Project

General

Profile

Actions

Idea #20517

open

Impedance mismatch using `systemctl is-system-running` as default BootProbeCommand

Added by Brett Smith over 1 year ago. Updated over 1 year ago.

Status:
New
Priority:
Normal
Assigned To:
-
Category:
Crunch
Target version:
Start date:
Due date:
Story points:
-

Description

systemctl is-system-running returns nonzero and prints degraded if any services failed. This is not an uncommon state. It usually doesn't mean that the system is unusable, just that one specific service failed to start for some reason.

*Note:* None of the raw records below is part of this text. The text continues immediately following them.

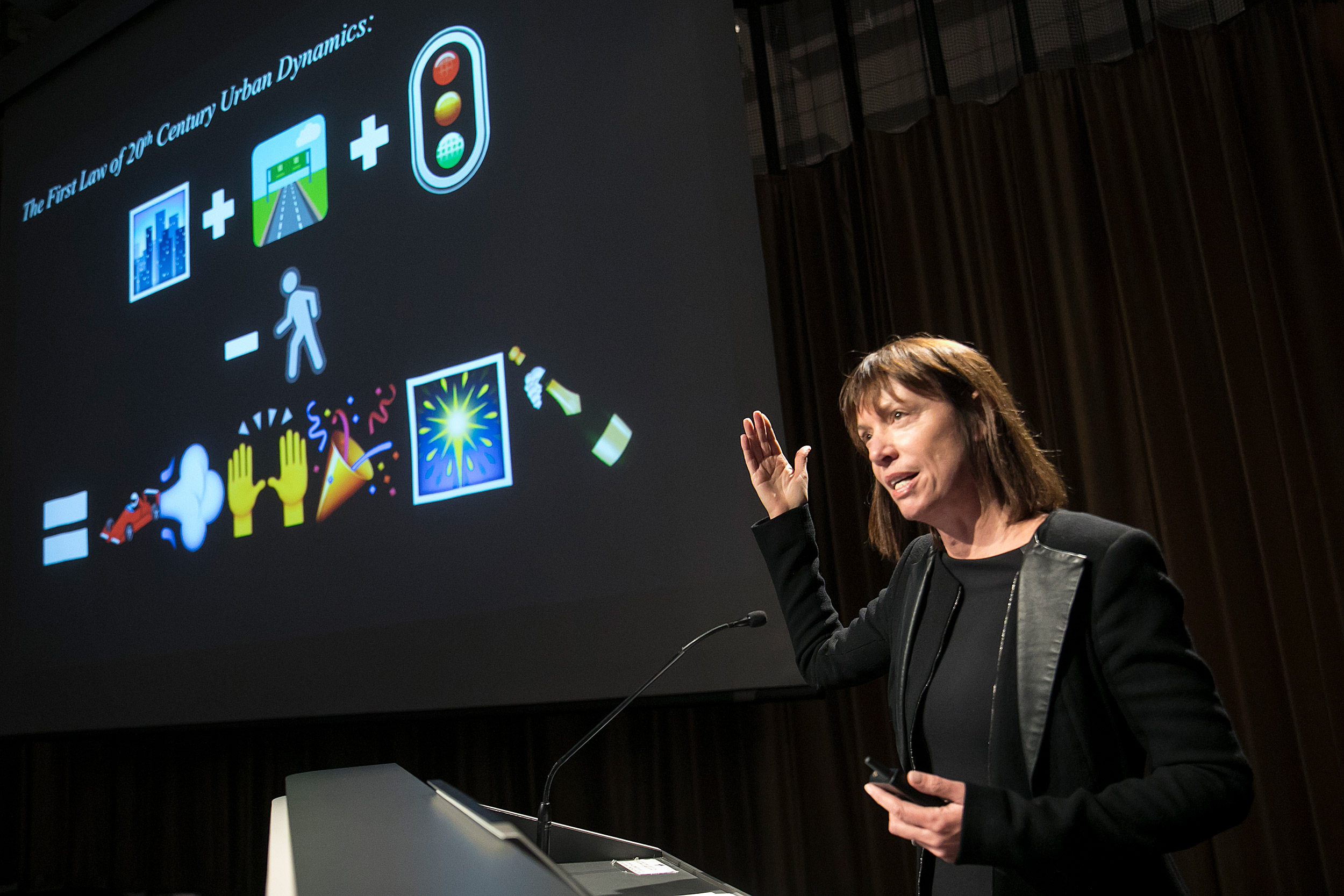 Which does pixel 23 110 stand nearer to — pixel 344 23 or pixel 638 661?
pixel 344 23

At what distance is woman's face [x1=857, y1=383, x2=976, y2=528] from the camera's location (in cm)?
108

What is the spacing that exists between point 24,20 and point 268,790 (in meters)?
3.63

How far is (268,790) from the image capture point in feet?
11.3

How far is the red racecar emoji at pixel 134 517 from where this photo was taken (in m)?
A: 3.13

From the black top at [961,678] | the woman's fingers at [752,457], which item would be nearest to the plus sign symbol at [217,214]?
the woman's fingers at [752,457]

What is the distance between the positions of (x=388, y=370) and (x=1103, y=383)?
195cm

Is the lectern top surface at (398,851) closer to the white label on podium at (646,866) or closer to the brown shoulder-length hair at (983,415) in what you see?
the white label on podium at (646,866)

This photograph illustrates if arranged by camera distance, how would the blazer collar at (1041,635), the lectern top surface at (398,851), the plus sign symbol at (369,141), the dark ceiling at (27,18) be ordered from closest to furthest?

However, crunch uses this as the default BootProbeCommand and considers a node unusable when the command returns nonzero. This means crunch gives up on boots that are perfectly usable for its purposes, just not perfect.

We should either:

  • When the BootProbeCommand is systemctl is-system-running, parse the output line and consider degraded to be a successful boot (among others, see systemctl(1) for all possibilities).
  • Change the default BootProbeCommand to something closer to what we want. Probably the next best thing is to check the status of one or more of the special targets we consider requisite, like multi-user.target and network-online.target (see systemd.special(7)).
Actions #2

Updated by Brett Smith over 1 year ago

  • Description updated (diff)
Actions #3

Updated by Tom Clegg over 1 year ago

I'm not convinced running containers on "degraded" systems is a good default. Historically, narrower checks have caused problems that are much harder to track down, like #18027, where we changed the default from "docker ps" to "systemctl is-system-running" to prevent crunch-run's temp dir from vanishing mid-run.

Generally, an instance should run an image specifically designed for the purpose of running containers. If it has some services that are optional, the best solution may be to remove them. If there's a real need for a "best effort" systemd unit, there is probably a way to express it so systemd understands it's "up enough" so it doesn't cause "degraded" state. As a last resort, a custom boot probe command would work, but it seems like it would necessarily be site-specific.

I am more inclined to think of this as a documentation issue ("how to change default") and a monitoring/alerting issue ("how to detect and troubleshoot when instances aren't coming up reliably").

Actions #4

Updated by Brett Smith over 1 year ago

Tom Clegg wrote in #note-3:

Generally, an instance should run an image specifically designed for the purpose of running containers. If it has some services that are optional, the best solution may be to remove them.

I agree this is the ideal but sometimes there are conflicting requirements. The situation that inspired this ticket is a user who must run additional security services as part of company policy. One of those services is failing and leading to degraded state. That's out of Arvados' control.

If there's a real need for a "best effort" systemd unit…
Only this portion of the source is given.